Calling an East Asian character “Chow Mein” anything is reprehensible playground bullying and has nothing whatsoever to do with ‘traditional’ panto.
Love him or hate him, Jim Davidson always gives his audiences what they expect, and over the years I’ve become quite adept at noticing the shifts in audience make-up that can change the route a particular show is going to take.
Jim is a master of using audiences’ bad behaviour to his advantage, but the actions of one audience member recently stopped him dead. His shows don’t actually ‘start’ in the usual sense, but he tends to appear on stage, move right to the edge and inspect the front row or two. After starting stage left, he walked across and stopped, open-mouthed, before asking: “Is that a dog? You’ve brought a dog into the theatre.”

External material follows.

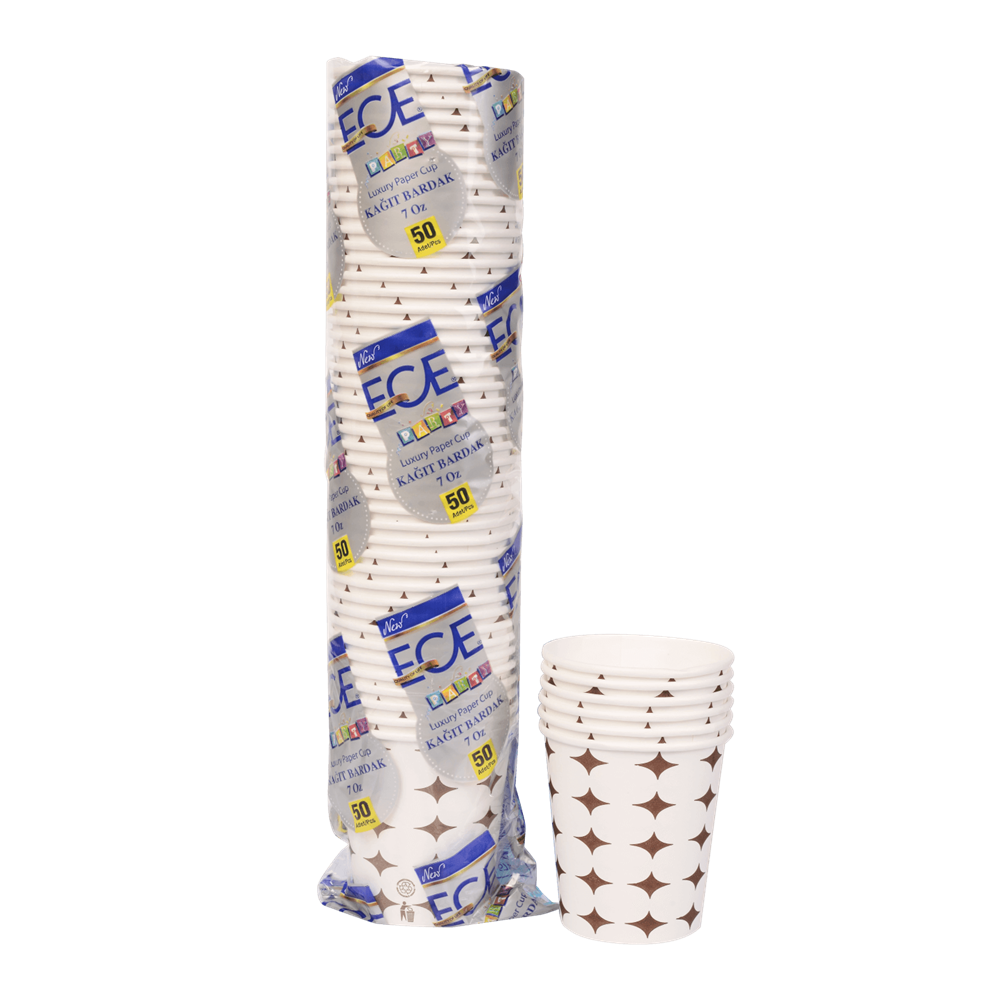 Ece Bardak Sıcak İçecek 7 Oz 50'li Fincan / Bardak / Kahve Takımı Fiyatı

Clearly the owner – a respectable, middle-aged lady – seemed like she might present some challenges, so the front-of-house staff decided not to turn her and the dog away. It was just unfortunate that she happened to be on the front row. Jim was (amazingly, in the circumstances), very nice to her.

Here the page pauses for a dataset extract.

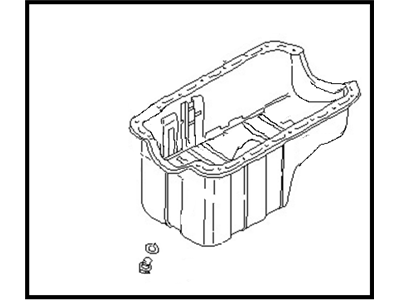 1986 Nissan 200SX Oil Pan - 11110-17F00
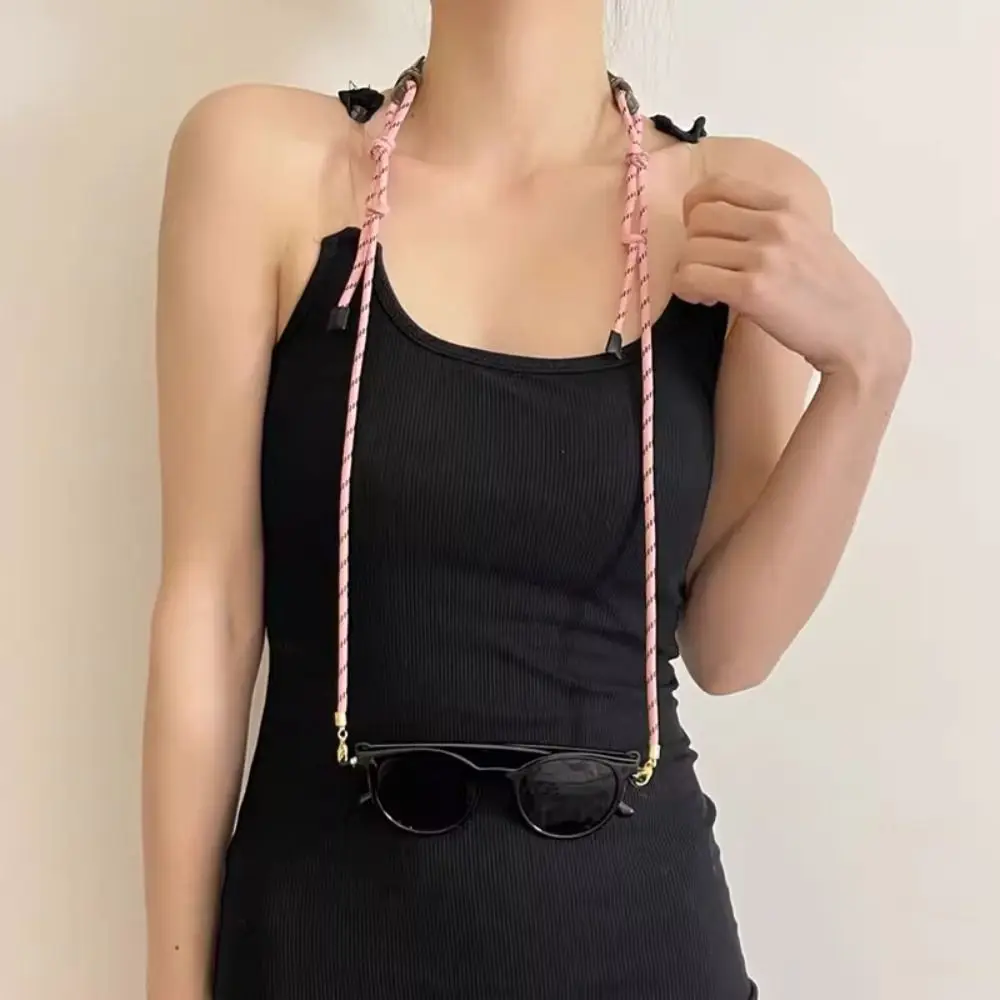 مكافحة سقوط حبل نايلون سلسلة النظارة نسج الرقبة حزام سلسلة النظارات الحبل الملونة نظارات تخزين الحبل #2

Fifteen minutes later, a party of soldiers arrived and decided to become part of the show too – from Row J. This was another tricky situation because Jim is chief executive of the Charity Care After Combat, so it was hardly appropriate to mock them either.
What really surprised me was the make-up of the audience – not remotely the kind of people who you might expect to turn up for Jethro, Roy Chubby Brown and other ‘old-fashioned’ comedians. The content of the show was the same as it has always been. In fact, there was probably more of the old pre-PC Jim, but among the large audience, there was a real mix of age, sex and class.
Following the outcry this week that characters such as Ping-Pong the Chinese Policeman in Aladdin are racist, maybe this shows that ordinary people are fighting back and laughing with the ‘isms’ and not laughing at them, because there is a very big difference.
I’m not ashamed of my day job, I’m more frustrated with it (‘You can be a waiter and an artist’, Lyn Gardner, Opinion, July 12).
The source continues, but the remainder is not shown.